NF: O que devemos perceber é que, a partir das suas realidades socioculturais, as mulheres percebem e encontram seus processos, suas trajetórias. As camponesas possuem um debate mais desenvolvido tanto de crítica sistêmica ao modelo capitalista como de análise feminista na questão da agricultura e da participação no movimento. Isso se deu a partir de uma trajetória em que elas foram encontrando seus espaços, seu caminho de fazer o debate, afirmando questões com muito protagonismo na luta pelos direitos da terra, na resistência às empresas transnacionais que ocupam seus territórios e impõem seu modelo de agricultura capitalista. Elas foram reivindicando e visibilizando seus conhecimentos, seu papel e contribuição históricos na agricultura e, assim, avançando fronteiras. A luta dessas mulheres era para garantir a terra, ao mesmo tempo que questionavam a exclusão dos filhos nos processos de herança das esposas.

Acho que avançou inclusive no questionamento ao modelo de família idealizada, a família como espaço de harmonia, de complementaridade. A garantia de espaços de auto-organização das mulheres nos movimentos mistos é fundamental para o debate entre elas para que possam aprofundar suas reflexões, colocar seus questionamentos, pensar formas conjuntas de ação. Creio que as mulheres avançaram mais do que os homens em relação ao debate de outro modelo que incorpore não só o feminismo, mas também uma visão ecológica. Isso faz parte também de um processo de conquista de mais autonomia.
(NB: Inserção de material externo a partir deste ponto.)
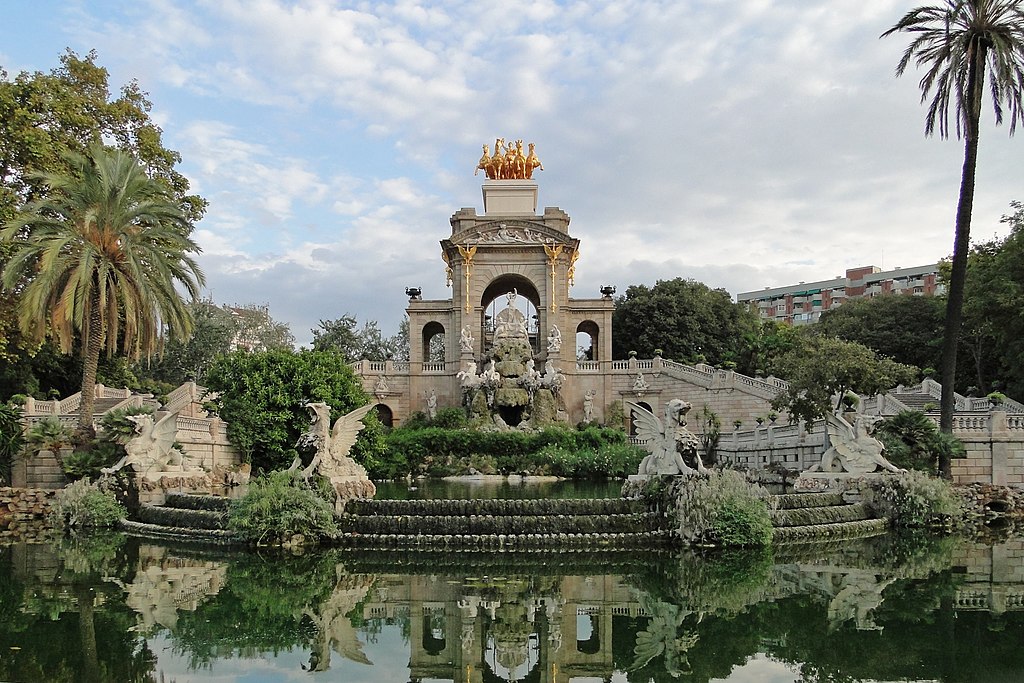 Fontaine gigantesque du parc de la citadelle à Barcelone - Photo Bernard-Gagnon -Licence ccbysa 3.0, 2.5, 2.0, 1.0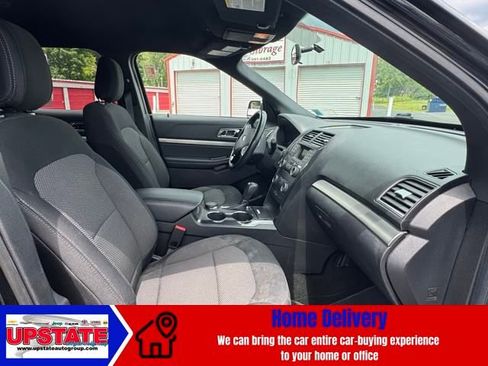 Used 2018 Ford Explorer XLT image 10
CST: Quais as dificuldades que vocês têm encontrado para abordar o tema do aborto, uma vez que esse tema é considerado delicado nos movimentos de mulheres que não são declaradamente feministas?

NF: Nesse processo das alianças, ainda tratamos pouco sobre o tema. Creio que o tema do aborto, em primeiro lugar, tem que ser trabalhado entre as mulheres e, a partir de um acúmulo, ir ampliando para outros setores. O que prevalece nesse caso é fortalecer os espaços nos quais discutimos entre mulheres o que levar para uma agenda geral. Mas isso também é relativo e depende do grau de articulação e mobilização que temos. Nesse caso, podemos citar que no Brasil e na América Latina o tema do aborto é parte da agenda da MMM. Nós temos colocado em todos os documentos sobre integração regional um item que propõe que um processo de integração dos povos só ocorrerá se as mulheres tiverem soberania sobre seus corpos e suas vidas. Em alguns documentos da Coordenação dos Movimentos Sociais (CMS) no Brasil colocamos a garantia do exercício dos direitos reprodutivos. Mas é fato que ainda falta muito para que o tema do direito ao aborto seja incorporado por todos. No Brasil, tanto a CUT quanto a UNE em geral, não só as mulheres, têm resolução em favor da descriminalização e da legalização do aborto. Em geral, nos países da África é onde sentimos mais dificuldades. Temos feito mais intercâmbio de experiências de como as mulheres vivem o aborto, mas ainda é difícil ações comuns, simultâneas em todo o mundo. No Brasil, é um pouco diferente, mas conseguimos expor, ampliar o debate dos direitos reprodutivos. É em um grupo grande, com vários países, que a polêmica aparece mais claramente.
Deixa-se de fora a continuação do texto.